*** Opening The data ***
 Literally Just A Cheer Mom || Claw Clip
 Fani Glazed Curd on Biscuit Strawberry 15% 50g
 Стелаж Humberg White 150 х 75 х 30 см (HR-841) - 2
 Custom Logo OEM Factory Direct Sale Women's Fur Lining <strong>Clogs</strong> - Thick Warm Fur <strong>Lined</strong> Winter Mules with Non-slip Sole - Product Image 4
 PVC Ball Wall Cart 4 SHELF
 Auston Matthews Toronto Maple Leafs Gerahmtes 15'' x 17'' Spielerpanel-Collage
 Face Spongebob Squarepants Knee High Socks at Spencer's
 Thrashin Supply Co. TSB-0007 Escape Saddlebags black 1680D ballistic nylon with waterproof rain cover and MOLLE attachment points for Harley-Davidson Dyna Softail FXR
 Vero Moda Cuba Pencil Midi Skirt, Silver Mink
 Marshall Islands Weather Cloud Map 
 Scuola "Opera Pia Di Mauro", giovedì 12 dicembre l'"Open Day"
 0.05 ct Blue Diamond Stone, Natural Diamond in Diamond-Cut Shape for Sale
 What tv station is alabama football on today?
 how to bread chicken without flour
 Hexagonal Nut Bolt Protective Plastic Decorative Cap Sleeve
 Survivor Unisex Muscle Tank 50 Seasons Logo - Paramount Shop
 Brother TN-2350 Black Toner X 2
*** Closing The data ***
▸ Aim of the task: Restate the listing above in full, exactly.

▸ Response box:
 Literally Just A Cheer Mom || Claw Clip
 Fani Glazed Curd on Biscuit Strawberry 15% 50g
 Стелаж Humberg White 150 х 75 х 30 см (HR-841) - 2
 Custom Logo OEM Factory Direct Sale Women's Fur Lining <strong>Clogs</strong> - Thick Warm Fur <strong>Lined</strong> Winter Mules with Non-slip Sole - Product Image 4
 PVC Ball Wall Cart 4 SHELF
 Auston Matthews Toronto Maple Leafs Gerahmtes 15'' x 17'' Spielerpanel-Collage
 Face Spongebob Squarepants Knee High Socks at Spencer's
 Thrashin Supply Co. TSB-0007 Escape Saddlebags black 1680D ballistic nylon with waterproof rain cover and MOLLE attachment points for Harley-Davidson Dyna Softail FXR
 Vero Moda Cuba Pencil Midi Skirt, Silver Mink
 Marshall Islands Weather Cloud Map 
 Scuola "Opera Pia Di Mauro", giovedì 12 dicembre l'"Open Day"
 0.05 ct Blue Diamond Stone, Natural Diamond in Diamond-Cut Shape for Sale
 What tv station is alabama football on today?
 how to bread chicken without flour
 Hexagonal Nut Bolt Protective Plastic Decorative Cap Sleeve
 Survivor Unisex Muscle Tank 50 Seasons Logo - Paramount Shop
 Brother TN-2350 Black Toner X 2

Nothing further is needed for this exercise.